南朝陳(チン)の徐徳言(ジョトクゲン)の妻は皇帝の妹で、才色兼備であった。
隨の軍勢が陳に攻め入って国が危うくなった時、徐徳言は妻に向かって
「国が滅びることになったら、お前の容色と才気からすれば、きっと敵の権力者のものになって
しまうだろう。そうなればもう会えなくなる。だがもしも縁があれば再会したい。」
乃(すなは)ち一鏡を破(やぶ)りて、各(おのおの)その半(なか)ばを執り、約して曰く
「きっと正月十五日に、都の市場でこれを売っていてくれ。わたしが生きていたら、かならず
その日に訪ねていくから」
と約束しました。
やがて陳が滅びると、徐徳言の妻は、隋の権力者楊素(ヨウソ)のものになってしまい、
その才色の故に寵愛を受けることが並ではなかった。
一方、徐徳言は敵兵を逃れて、苦労の末やっと約束の正月十五日に、都の市場に辿りつきました。

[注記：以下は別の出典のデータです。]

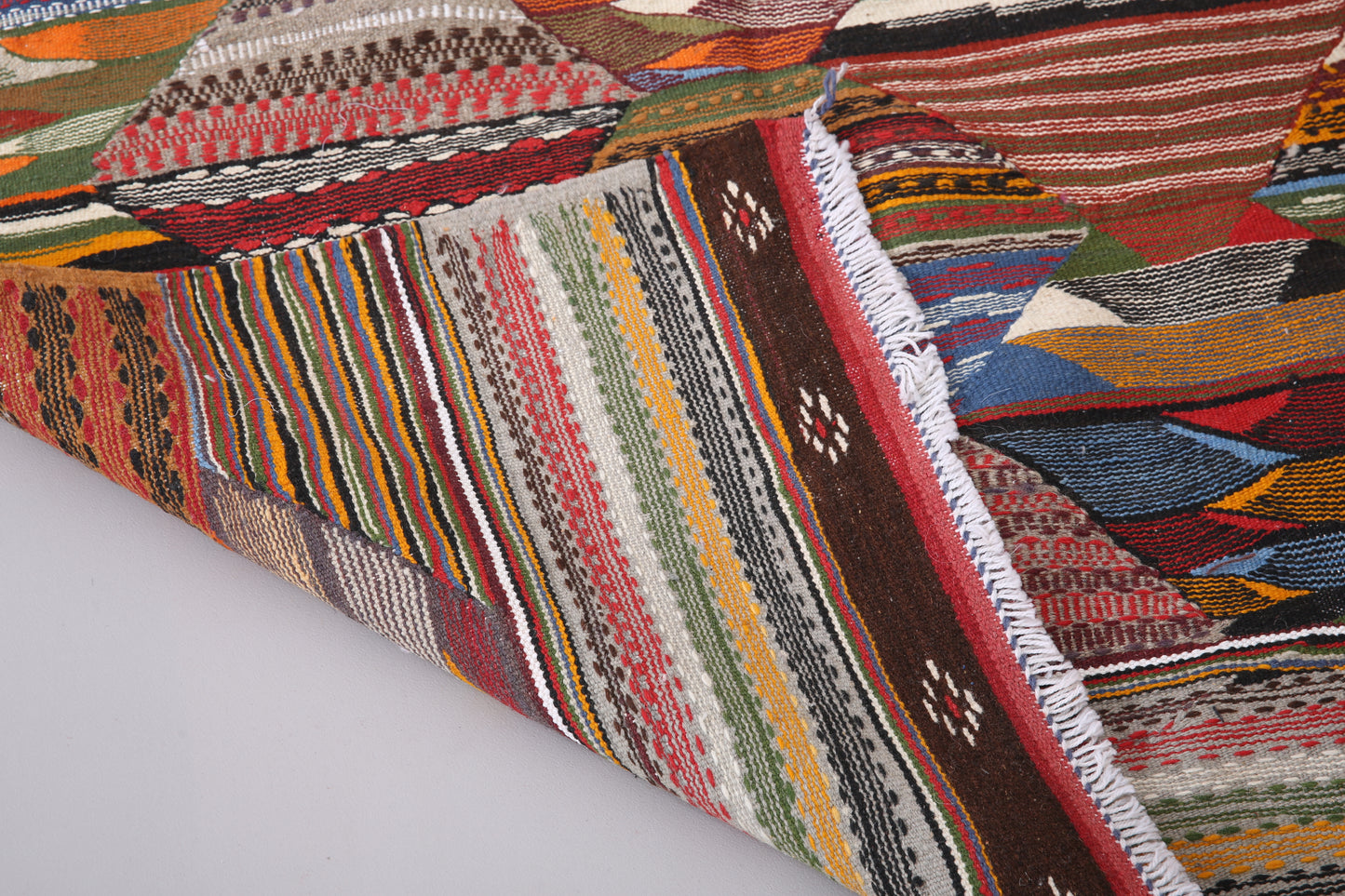 Handgewebter Picasso Kelim Teppich 3,5 FT x 5 FT - kleiner Berberteppich - kleiner marokkanischer Teppich - handgemachter Berberteppich - Vintage marokkanischer Boho Teppich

市場の外れで下男風の男が半分に欠けた鏡を高い値段で売っているのを見つけました。
徐徳言は、その男に事情を話し、
半鏡を出(い)だして、以て之を合わす。
そこで鏡に詩を書きつけました。
鏡と人と倶(とも)に去り
鏡帰るも人帰らず
復(ま)た嫦娥(コウガ)の影なく
空(むな)しく明月の輝くを留む
召使いの持ち帰ったその詩を見た徐徳言の妻は、泣くばかりで物も食べなくなった。
楊素は事情を知って驚き、早速に徐徳言を呼び寄せて妻を返してやりました。
これに因(ちな)んで、【破鏡】は、夫婦の離婚に譬えられ、また
「破鏡重ねて照らさず」は、一旦別れた夫婦は、再びもとに戻らないと言う意味に用いられます。